== Requirement ==
In the records below, repeat word for word only the lines starting at the one that contains "Kaysar Coffee Brown" and ending at the one that contains "A. Einstein &", pictures excluded.

== Data under study ==

_ _ _ _

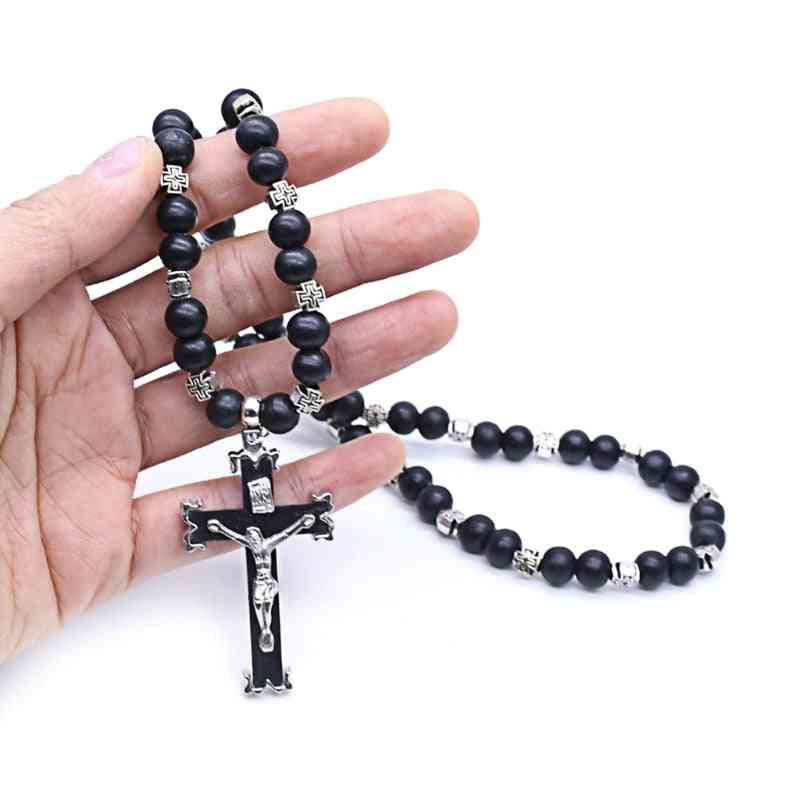 Jesus Christ Cross Pendant Rosary Necklaces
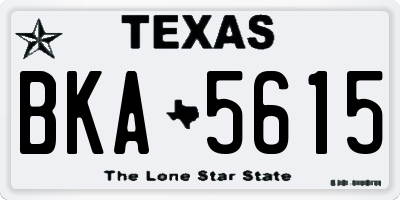 TX license plate BKA5615
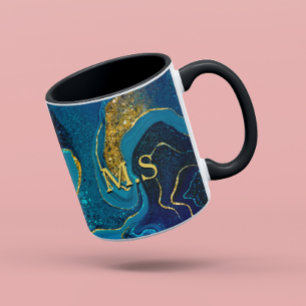 Elegant blue marble art faux gold glitter coffee mug
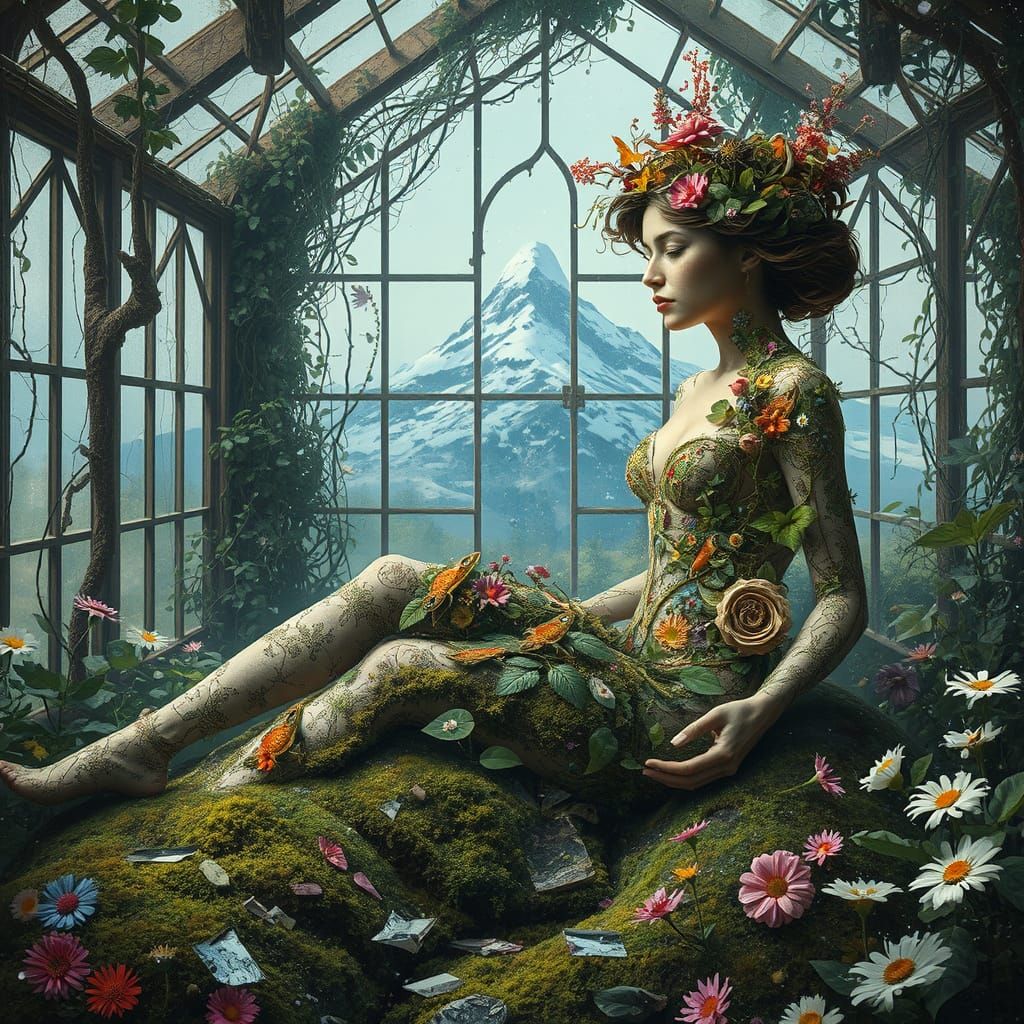 Weathered Prince in Overgrown Greenhouse: Painterly Realism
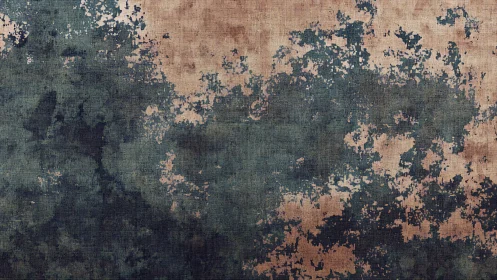 Weathered teal and rust texture suggests vintage industrial wall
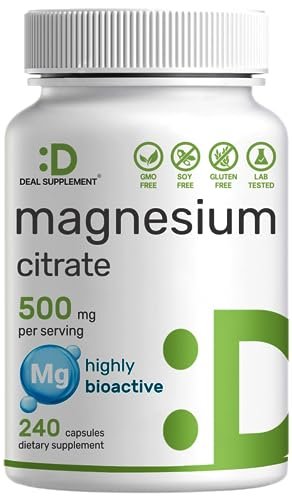 DEAL SUPPLEMENT Magnesiumcitrat 500mg, 240 Kapseln | Leicht absorbierbares, gereinigtes Spurenelement – 1 Kapsel täglich, Non-GMO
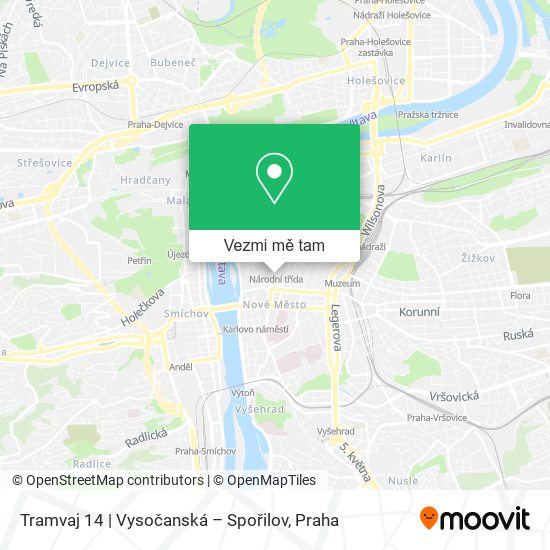 Tramvaj 14 | Vysočanská – Spořilov mapa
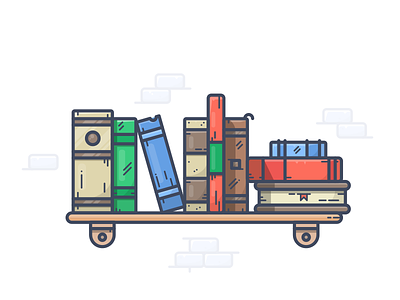 Bookshelf book books bookshelf home icon illustration illustrator outline shelf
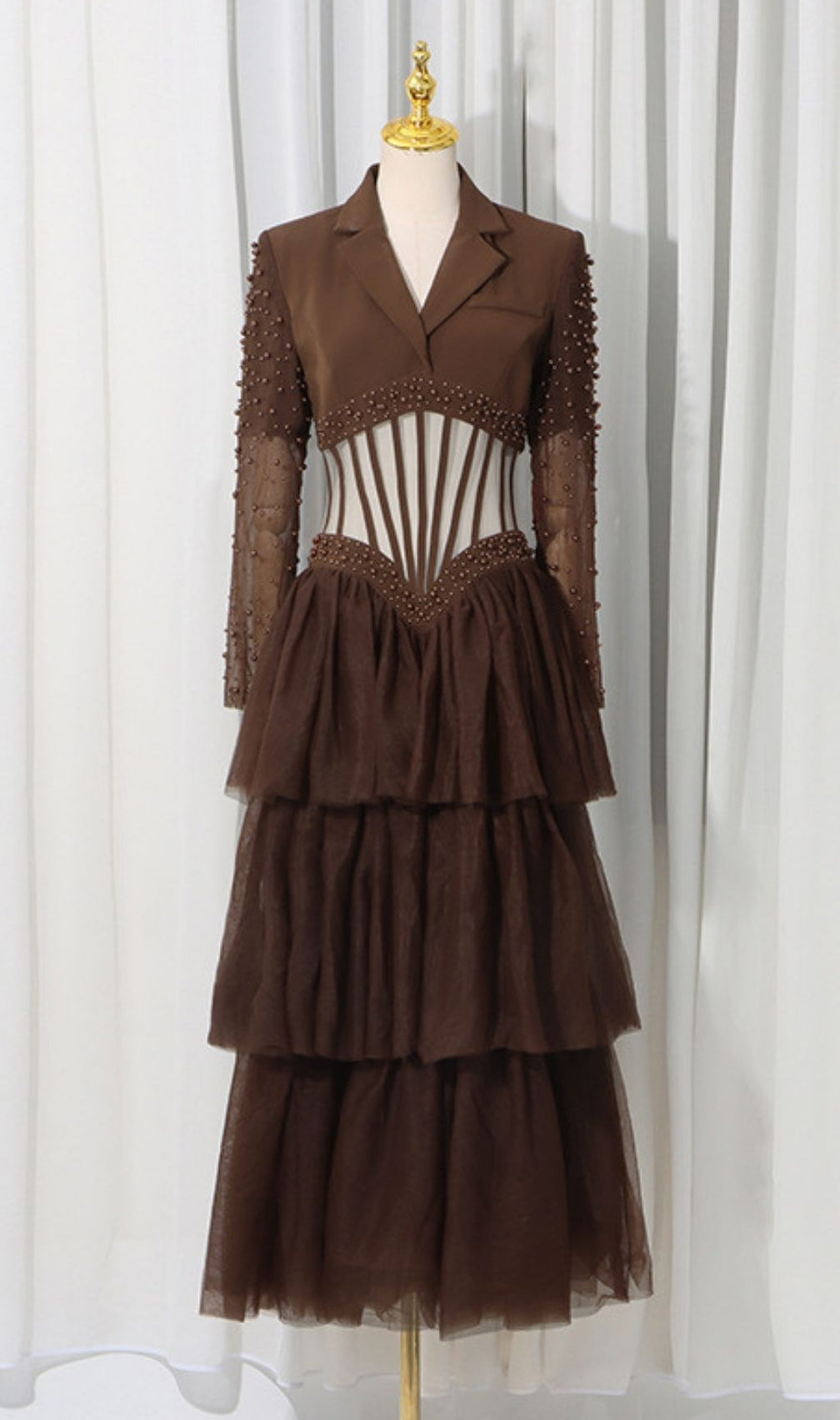 Kaysar Coffee Brown Beaded Corset Gown | Elegant Tiered Mesh Maxi Dress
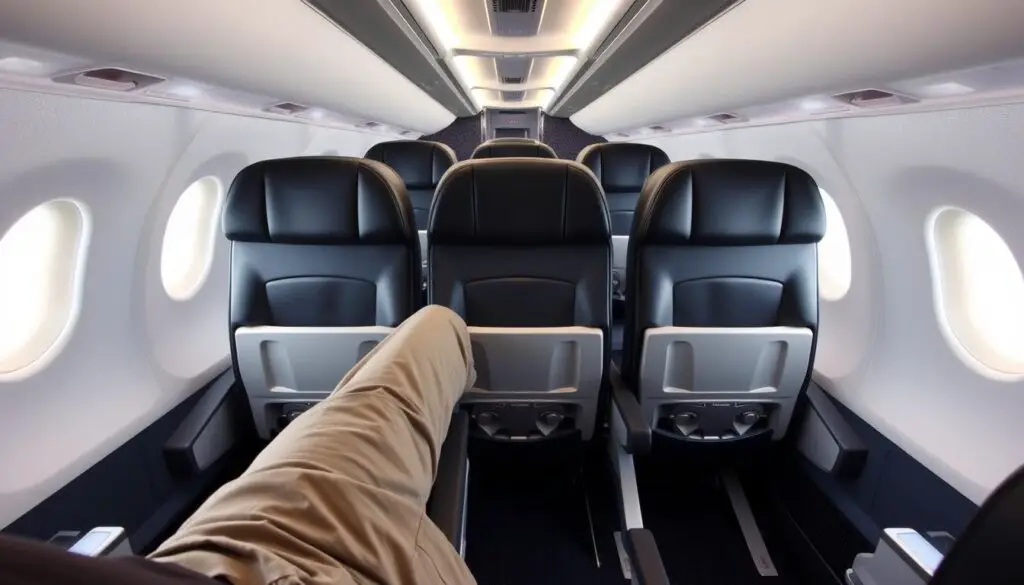 Exit row seats on a Boeing 737-800 showing the extra legroom available Exit row seats on a Boeing 737-800 showing the extra legroom available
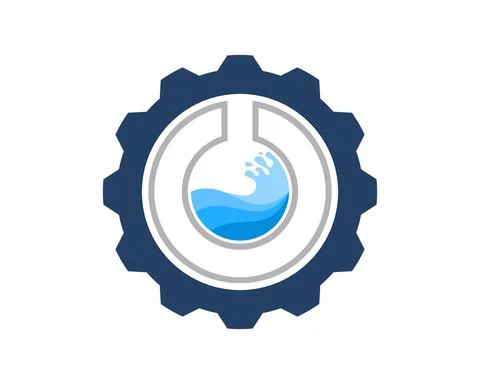 Mechanical gear with simple bottle laboratory and beach wave inside Stock Illustration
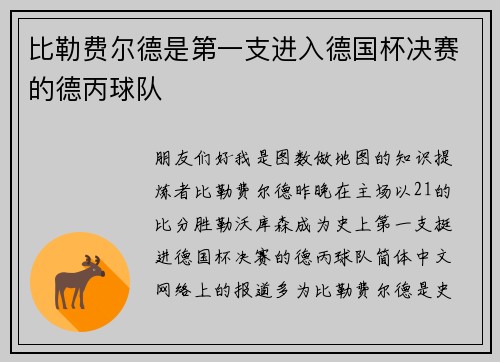 比勒费尔德是第一支进入德国杯决赛的德丙球队
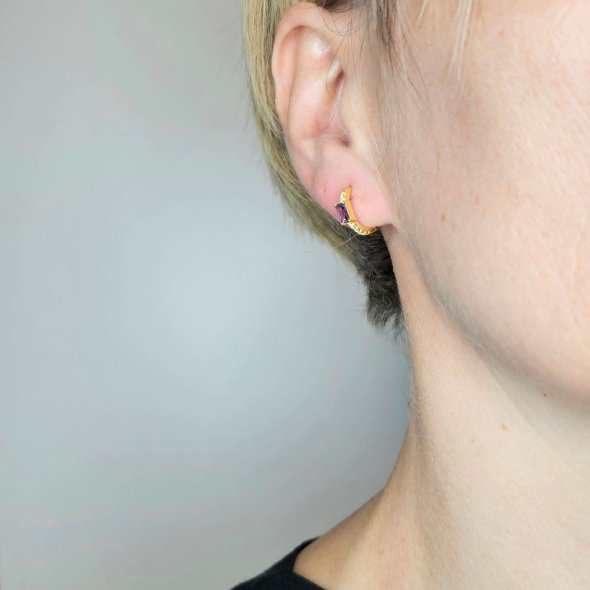 Σκουλαρίκια κρίκοι με μοβ & λευκά Ζιργκον - ΚΙΤΡΙΝΟ, ΑΣΗΜΙ, ΖΙΡΓΚΟΝ, PURPLE, ΖΙΡΓΚΟΝ, WHITE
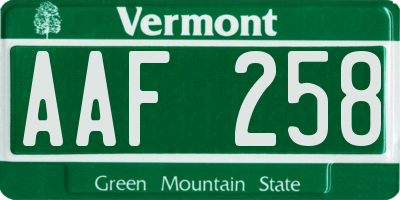 VT license plate AAF258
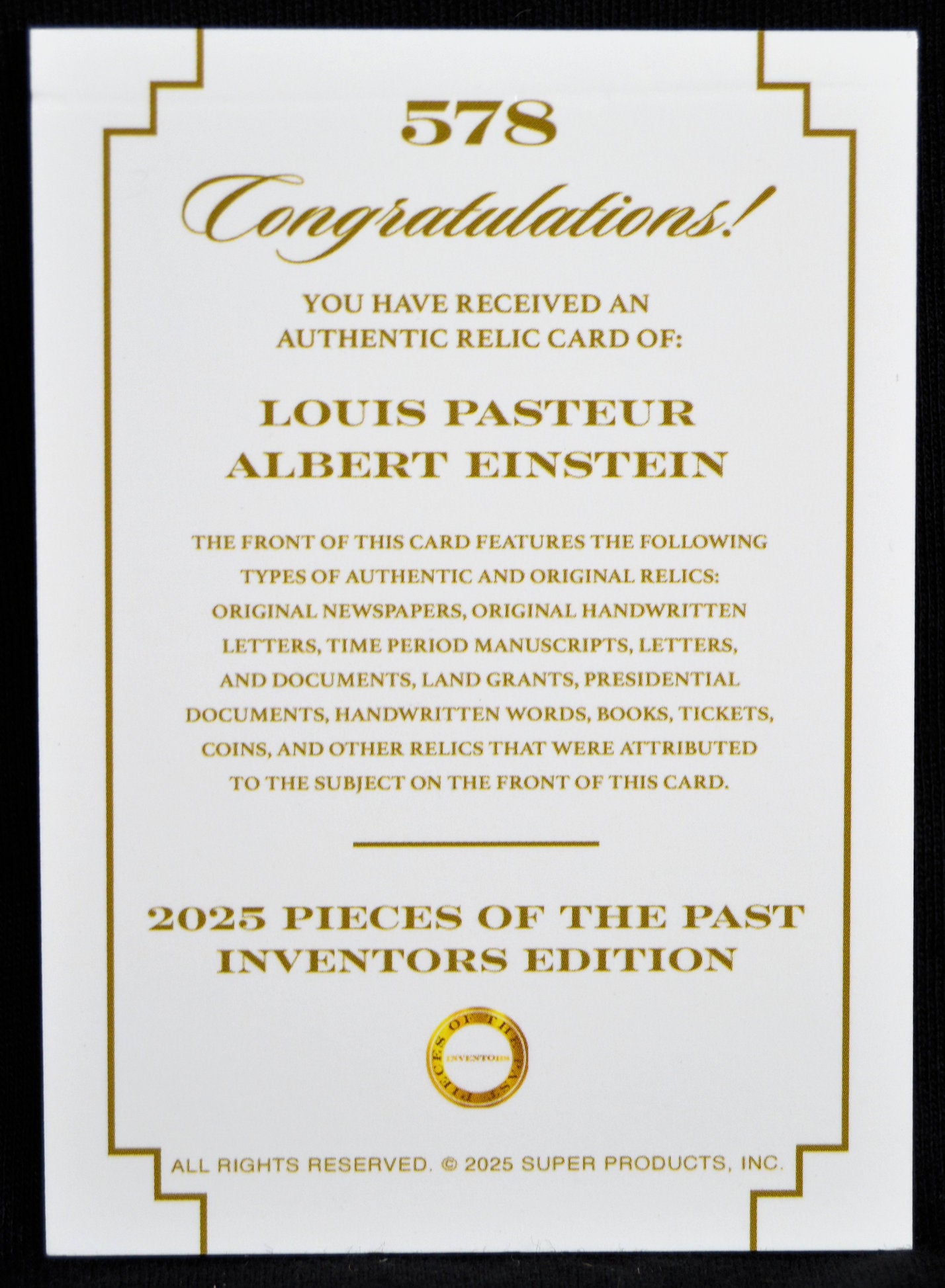A. Einstein & L. Pasteur - Dual Relic Card, Keepsake Pieces of the Past Inventors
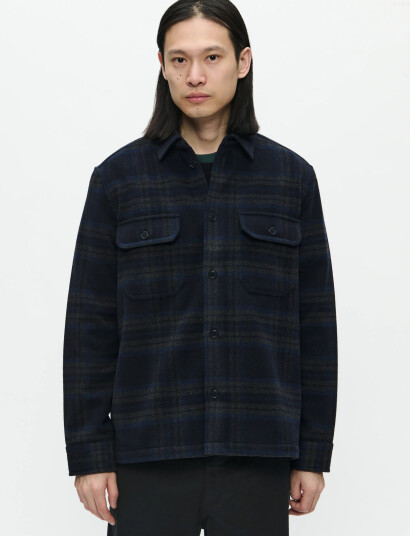 WOOD WOOD Wwclay Overshirt 25213 - Navy - L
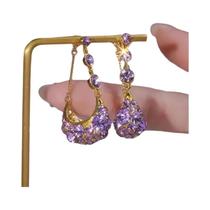 Brincos Longos De Cristal Roxo Com Franjas Para Mulheres, Joias Brilhantes Para Festas E Presentes Brincos Longos De Cristal Roxo Com Franjas Para Mulheres, Joias Brilhantes Para Festas E Presentes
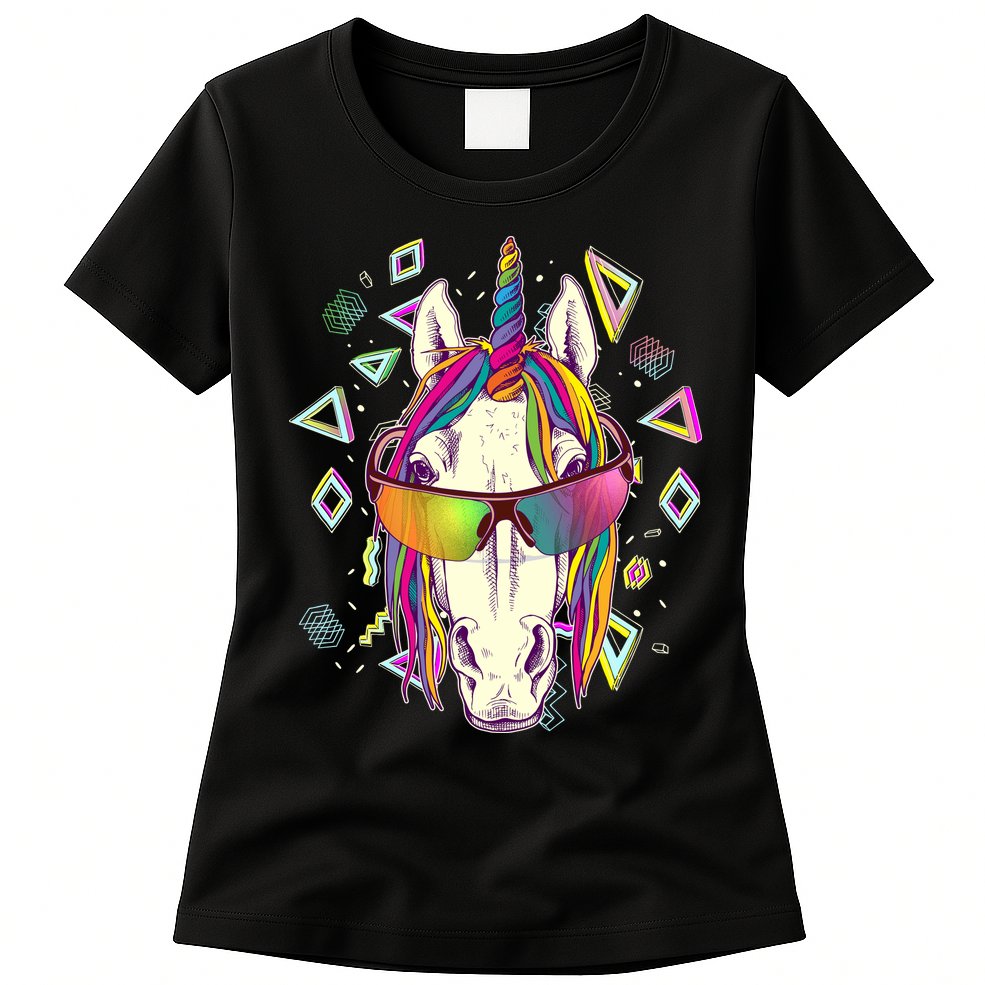 Retro 80's Eighties Rainbow Unicorn Womens T-Shirt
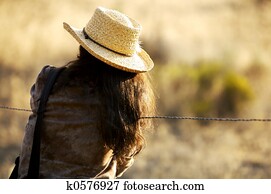 Cowgirl at the Fence Cowgirl at the Fence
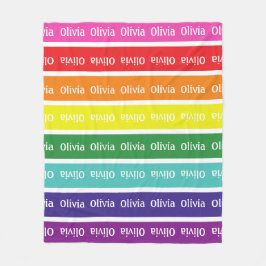 『虹の子パーソナライズされた供の名前』 フリースブランケット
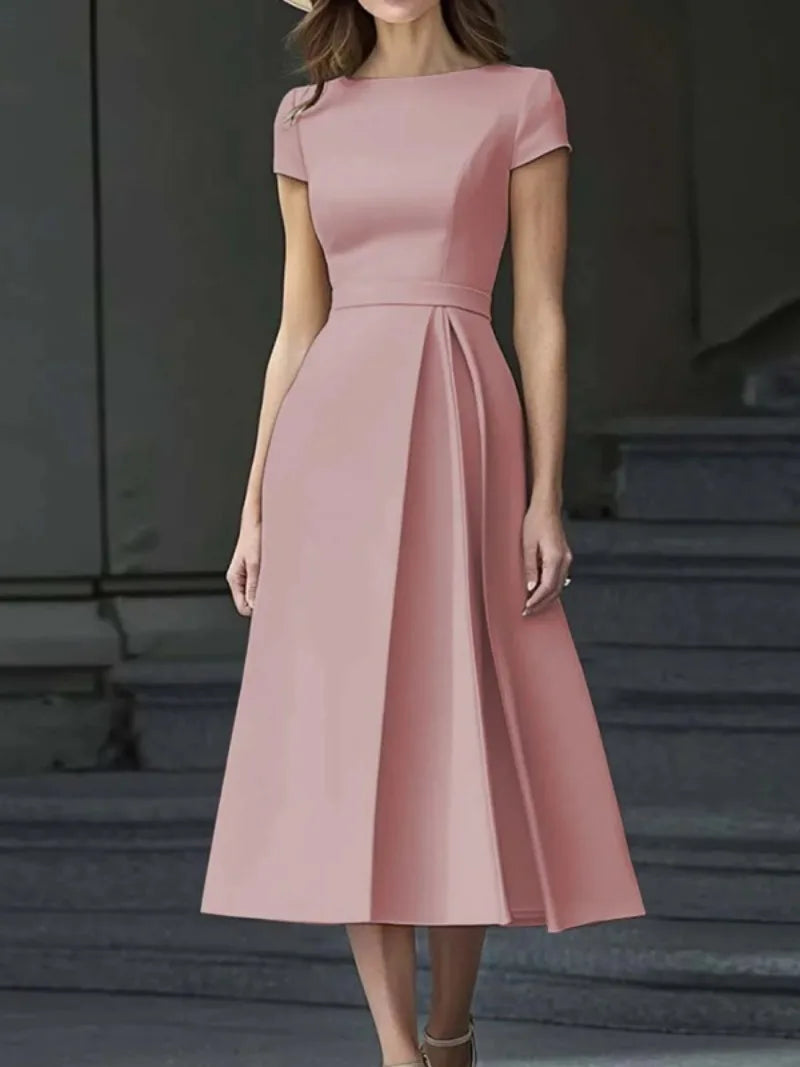 Formal Pleated Dresses Woman 2026 Spring Summer Apricot Short Sleeve High Waist Bridal Guest Elegant Long Dress 197365 - Prolificstore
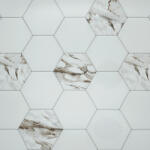  Konyhai hátfal, konyhapanel ütésálló és hőálló ABS anyagból, 295x60 cm - fotó minőségű, UV nyomtatott - Márványos hatszög csempe (TP10030528)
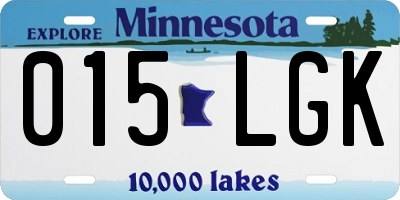 MN license plate 015LGK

_ _ _ _

== Response for this exercise ==
 Kaysar Coffee Brown Beaded Corset Gown | Elegant Tiered Mesh Maxi Dress
 Exit row seats on a Boeing 737-800 showing the extra legroom available Exit row seats on a Boeing 737-800 showing the extra legroom available
 Mechanical gear with simple bottle laboratory and beach wave inside Stock Illustration
 比勒费尔德是第一支进入德国杯决赛的德丙球队
 Σκουλαρίκια κρίκοι με μοβ & λευκά Ζιργκον - ΚΙΤΡΙΝΟ, ΑΣΗΜΙ, ΖΙΡΓΚΟΝ, PURPLE, ΖΙΡΓΚΟΝ, WHITE
 VT license plate AAF258
A. Einstein & L. Pasteur - Dual Relic Card, Keepsake Pieces of the Past Inventors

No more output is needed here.